__Work instruction__: A word-for-word copy of the entries, with the images left out, is what you should write.

__Task data__:
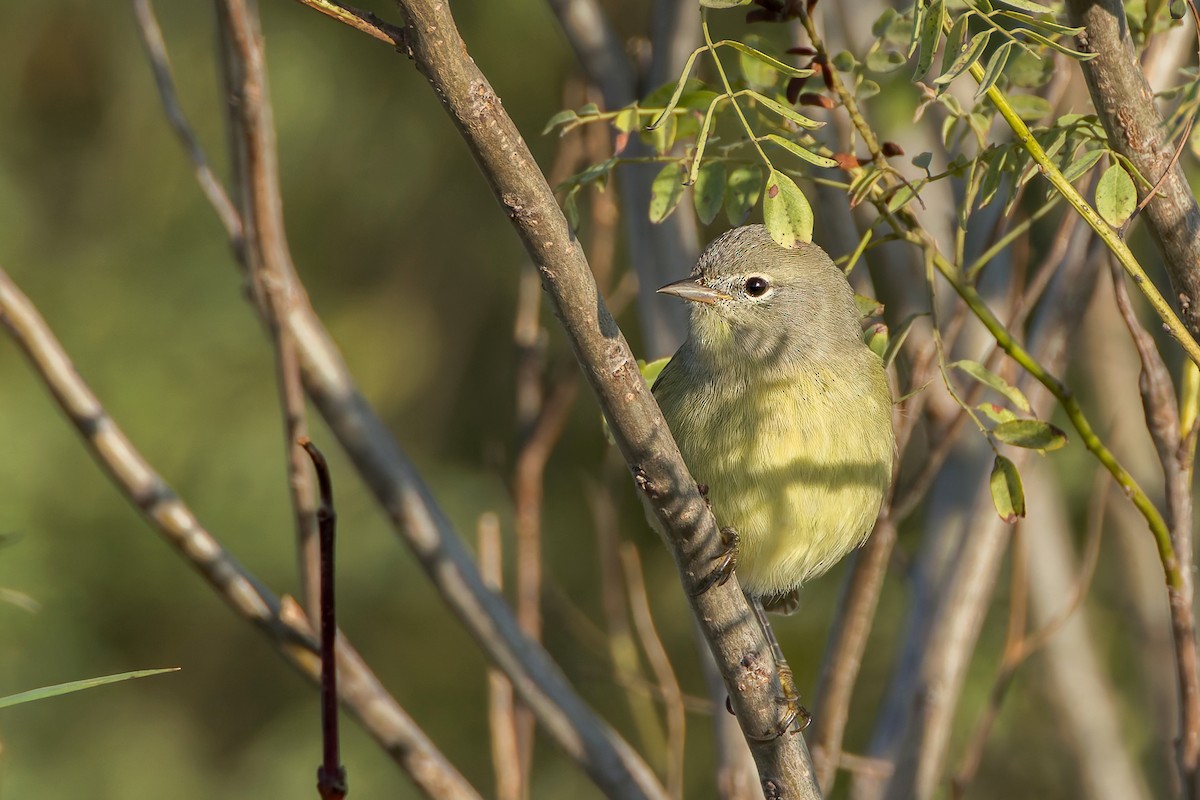 Orange-crowned Warbler - ML642657102
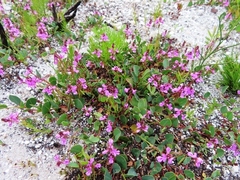 Indigofera ovata
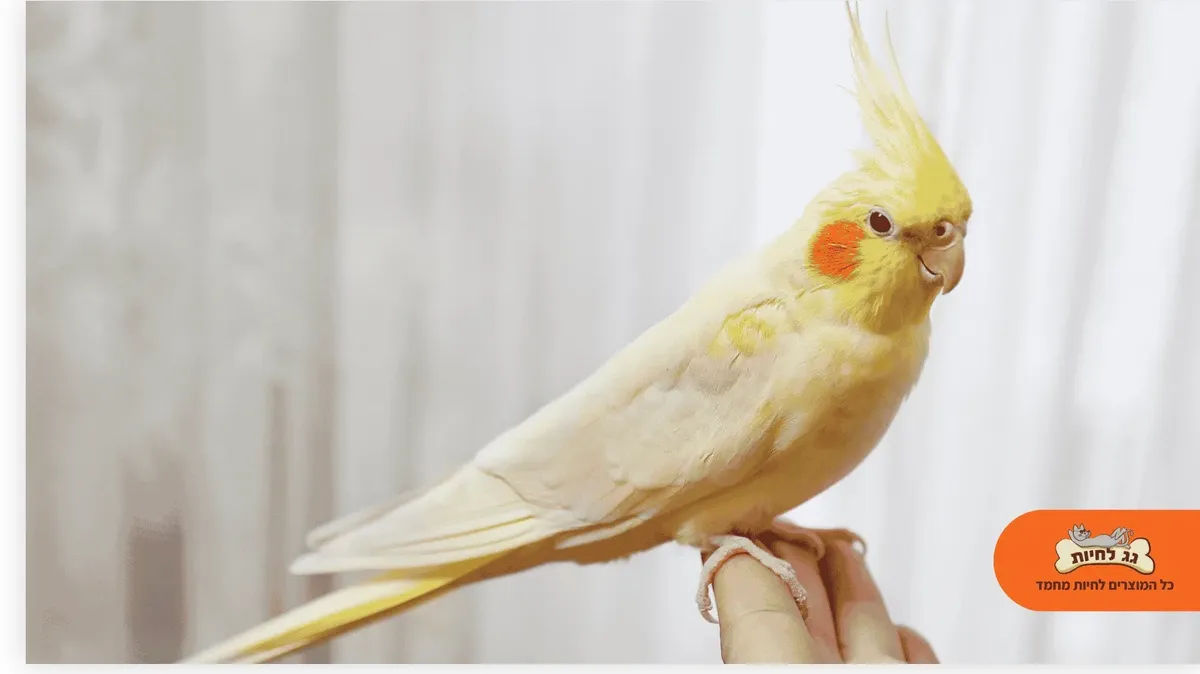 קוקטייל — קוקטייל
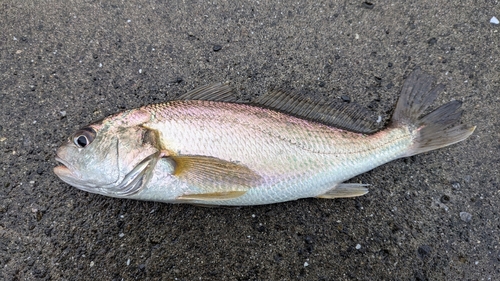 イシモチの釣果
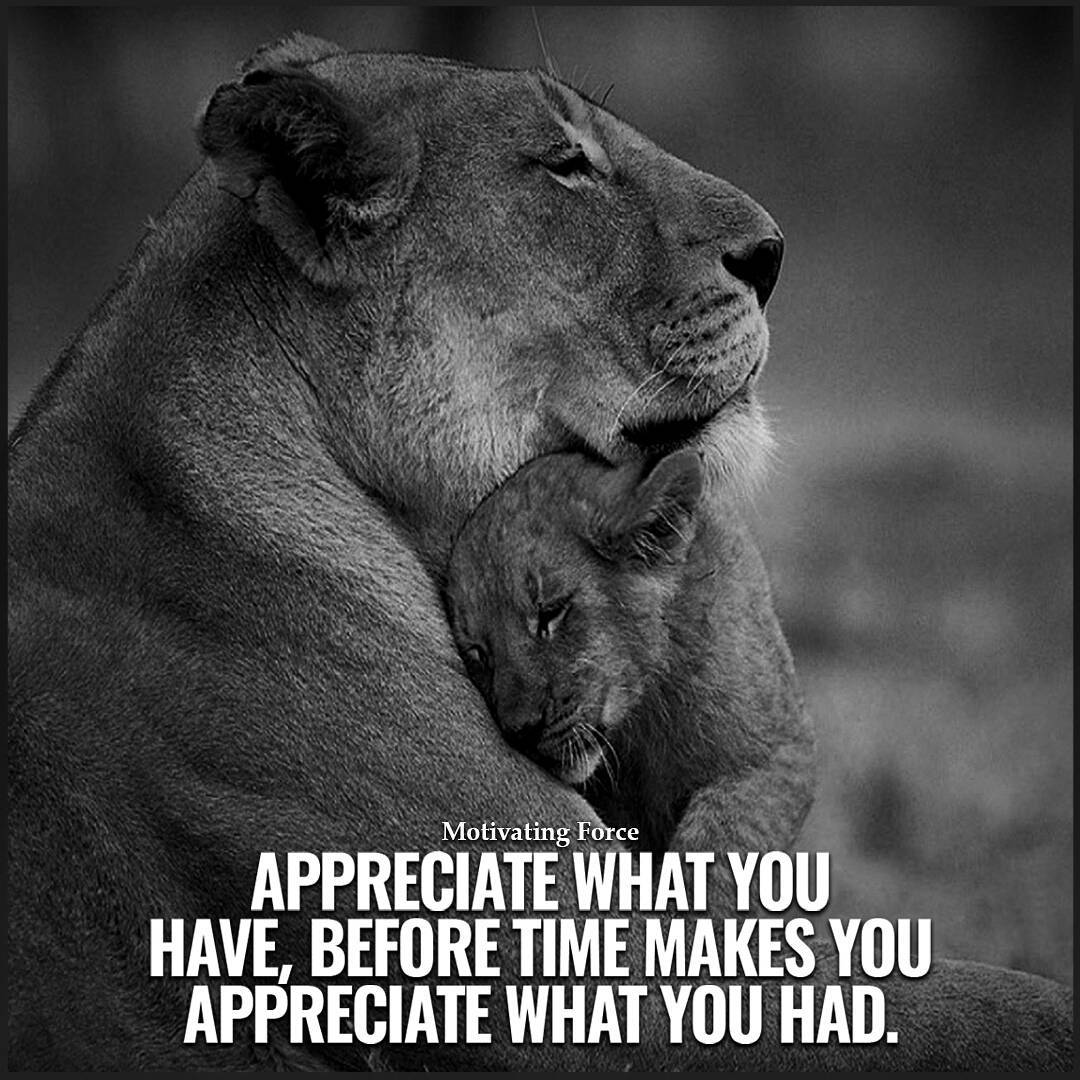 обои на рабочий стол i can do it. Before your time. Before your time. Fall down seven times, get up eight. обои на рабочий стол цитаты.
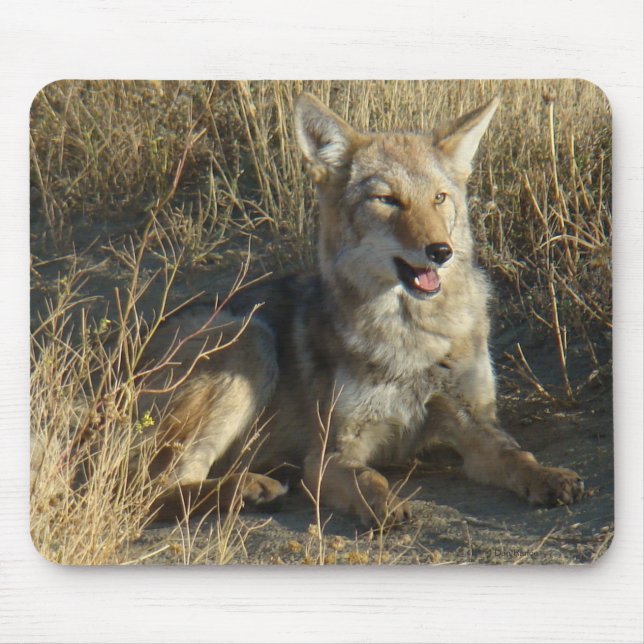 Alfombrilla De Ratón Colocación del coyote R18 (Frente)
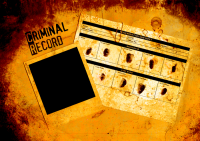 Criminal Records Search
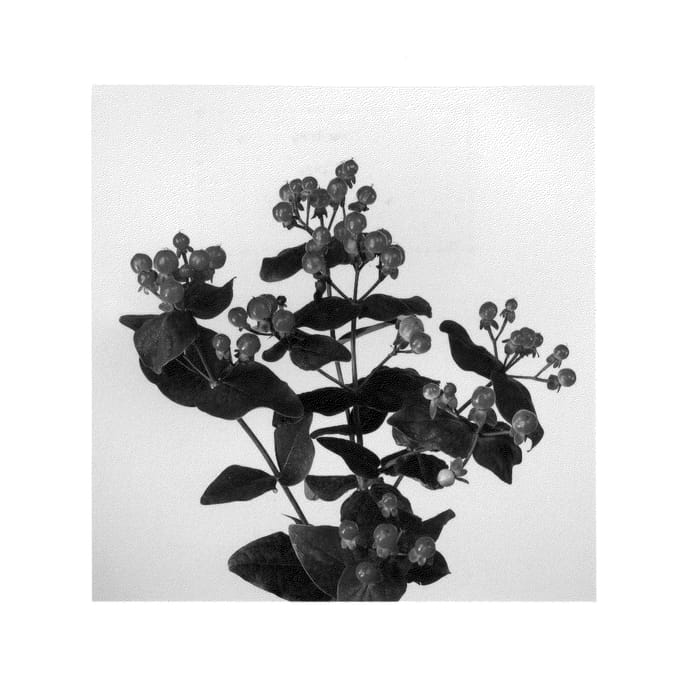 Figure 1 of US plant patent PP27124, the photograph of Allcalyp printed in the patent.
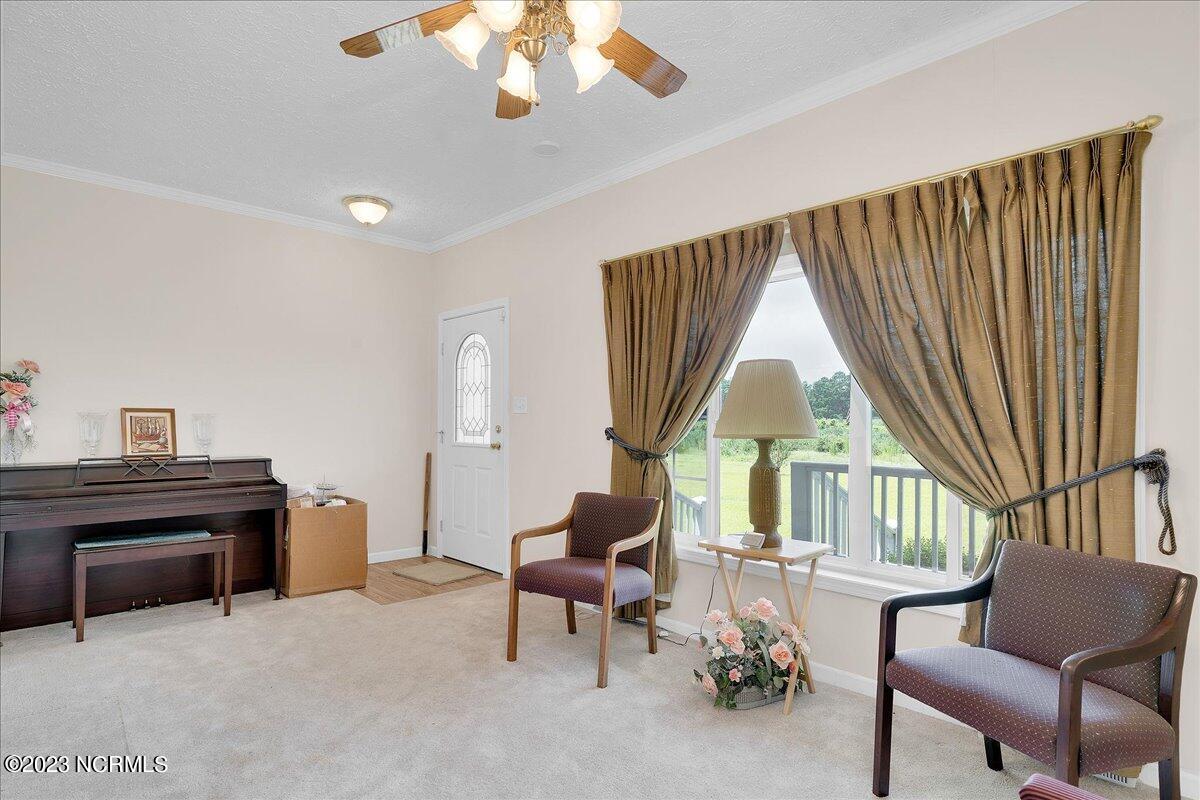 12345 Highway 210 Ivanhoe, NC 28447 - Photo 7 of 42 07-12345nc210_7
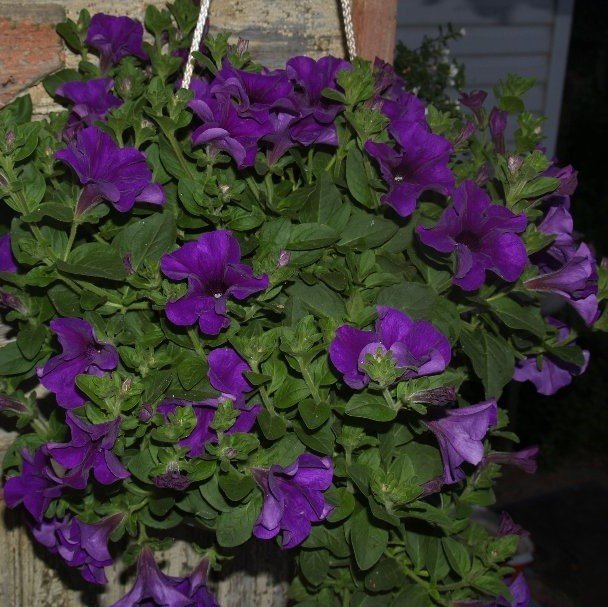 Suprise Serisi Cobalt Mavi Petunya Çiçeği Fidesi (3 adet)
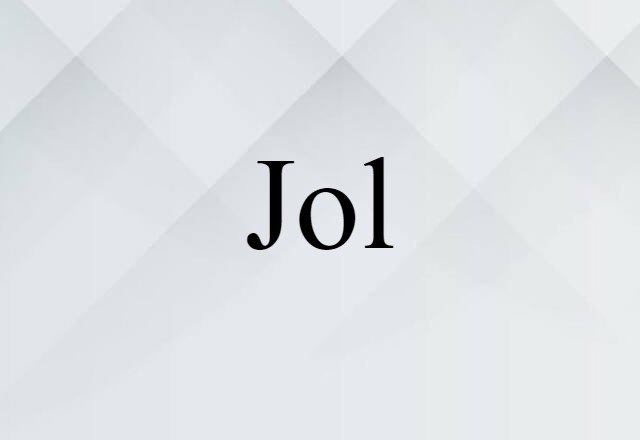 Jol (noun) Definition, Meaning & Examples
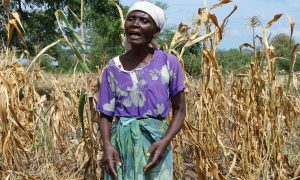 Farmer Serena Gadinala stands next to her wilted crops in the Neno district of southern Malawi. Photograph: Tamara van Vliet/OCHA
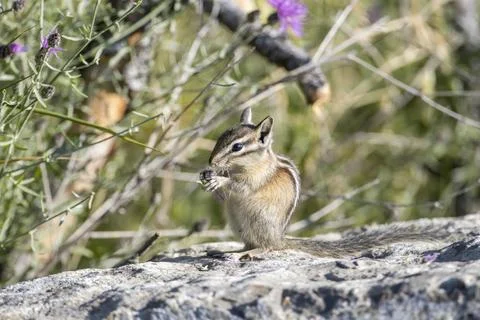 Chipmunk feeds on a flower. Stock Photos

__Task result__:
 Orange-crowned Warbler - ML642657102
 Indigofera ovata
 קוקטייל — קוקטייל
 イシモチの釣果
 обои на рабочий стол i can do it. Before your time. Before your time. Fall down seven times, get up eight. обои на рабочий стол цитаты.
 Alfombrilla De Ratón Colocación del coyote R18 (Frente)
 Criminal Records Search
 Figure 1 of US plant patent PP27124, the photograph of Allcalyp printed in the patent.
 12345 Highway 210 Ivanhoe, NC 28447 - Photo 7 of 42 07-12345nc210_7
 Suprise Serisi Cobalt Mavi Petunya Çiçeği Fidesi (3 adet)
 Jol (noun) Definition, Meaning & Examples
 Farmer Serena Gadinala stands next to her wilted crops in the Neno district of southern Malawi. Photograph: Tamara van Vliet/OCHA
 Chipmunk feeds on a flower. Stock Photos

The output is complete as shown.